I focus on the how-to-say-it part, with occasional forays into boilerplate topics like governing law, force majeure, and indemnification. A savvy commentator on the what-to-say part is Glenn West, a partner at the law firm Weil. (That’s him in the photo.) Glenn has written about many deal issues; I’ve mentioned him in a bunch of blog posts.

So I of course checked out his most recent post on Weil’s Global Private Equity Watch blog. The title is A New Year’s Resolution for Deal Professionals: Make Sure Your Written Deal Documents Say (And Will Be Interpreted to Mean) What You Meant. In it, Glenn points to recent court opinions reinforcing the notion that courts interpret contracts to mean what they appear to say, not what you might have thought they say.

That’s a worthwhile reminder, but it raises a big question. Yes, you should make sure your contracts say what you mean, but no sane and sober drafter ever says to themselves while drafting a contract, I’m going to make sure this contract doesn’t say what I mean! Instead, any disconnect between what you say in a contract and what you mean will be inadvertent.

So “Make sure your contracts say what you meant” is an invitation to a conversation. Acting on it requires guidance. Glenn isn’t in the business of providing that sort of guidance. Mastering the how-to-say-it part of contract drafting requires devoting endless hours to a worm’s-eye view of contract language. No one with a day job, and certainly no titan of BigLaw, has time for that.

When Glenn tells you that you should make sure your contracts say what you mean, in effect he’s leaving you at the gates of the how-to-say-it world.

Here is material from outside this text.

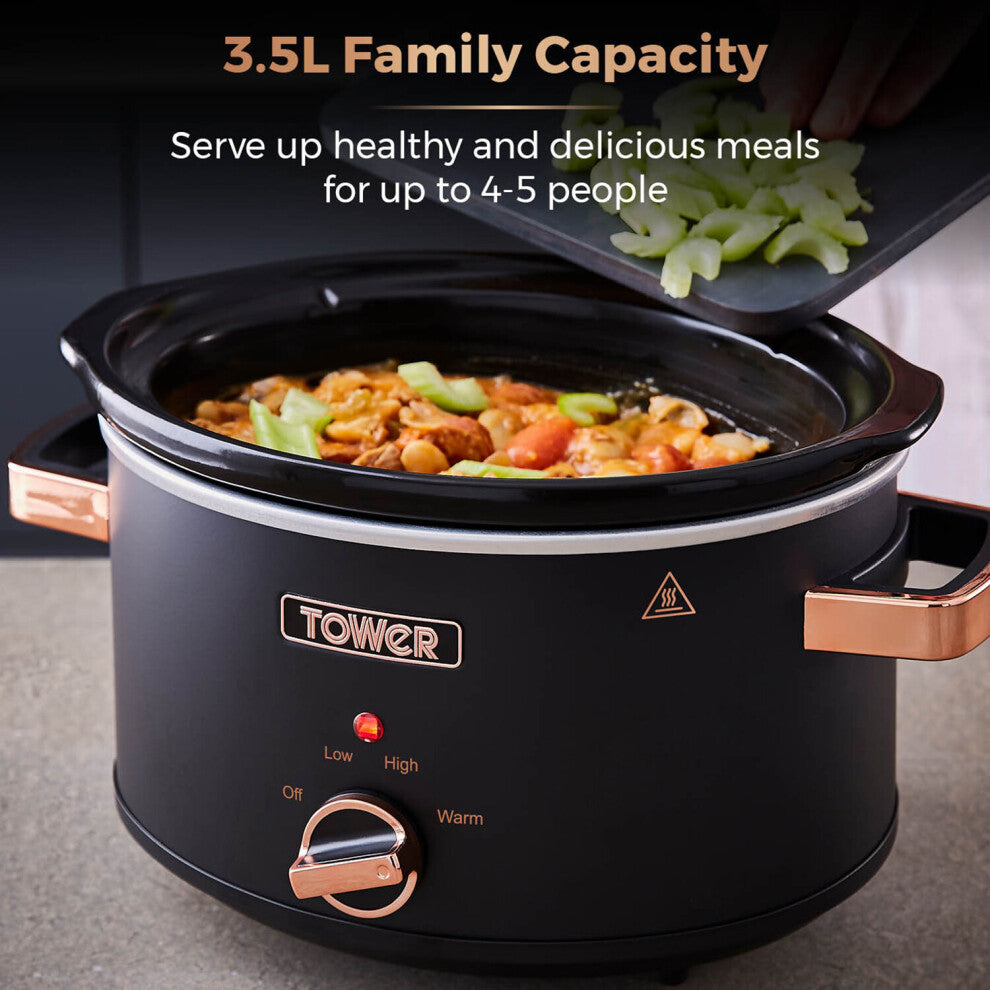 Tower T16042BLK Cavaletto 3.5L Slow Cooker Black and Gold Acents - Truly Yours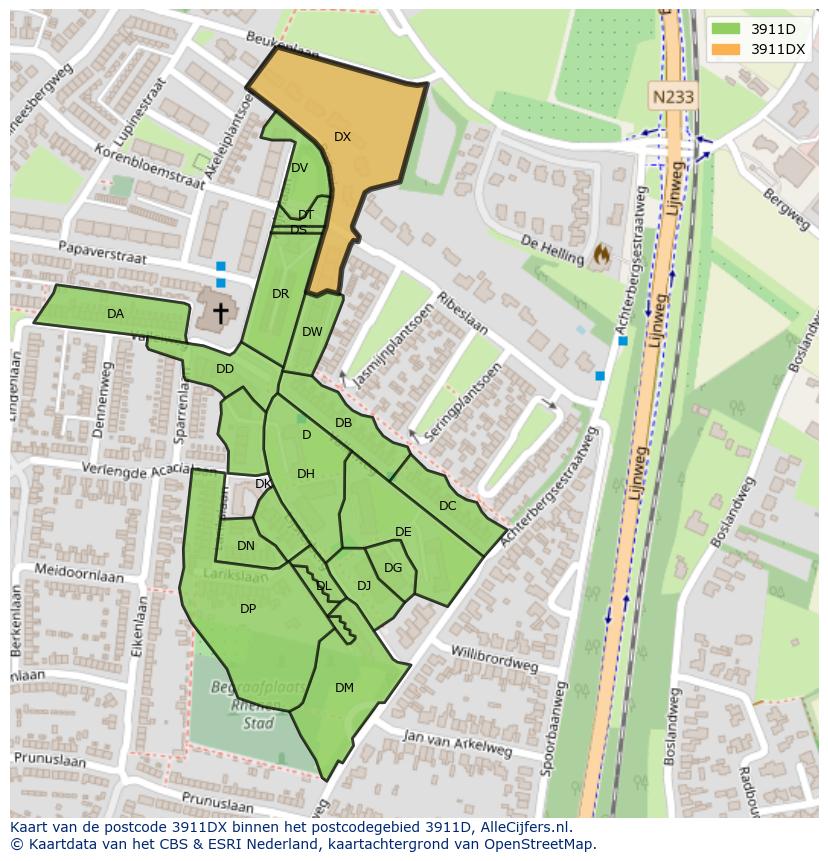 Afbeelding van het postcodegebied 3911 DX op de kaart.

While you’re there, you might see me frantically waving, trying to catch your eye.

About the author

Ken Adams is the leading authority on how to say clearly whatever you want to say in a contract. He’s author of A Manual of Style for Contract Drafting, and he offers online and in-person training around the world. He’s also chief content officer of LegalSifter, Inc., a company that combines artificial intelligence and expertise to assist with review of contracts.

3 thoughts on “What Does Glenn West Mean When He Says You Should Make Sure Your Contracts Say What You Meant?”

  1. It’s not insanity or inebriation, but there are still quite a few seriously deluded lawyers out there who draft contracts with deliberately obfuscatory language. The theory is that the counter-party would never agree to what the lawyer’s client wants the contract to say, so better to fudge the language so it will be later possible to *argue* that it meant what the client wanted it to say. Think about the cartoon on Mark Anderson’s site of Mr. Pettifog chortling over some bit of maliciously drafted disingenuousness. And unfortunately, there are just enough situations in which the counter-party isn’t in a financial or transactional position when a dispute arises to challenge the position of the drafter, and just enough judges willing to take the bait, to make these (in my view) unethical lawyers willing to risk their clients’ money on gambits like that.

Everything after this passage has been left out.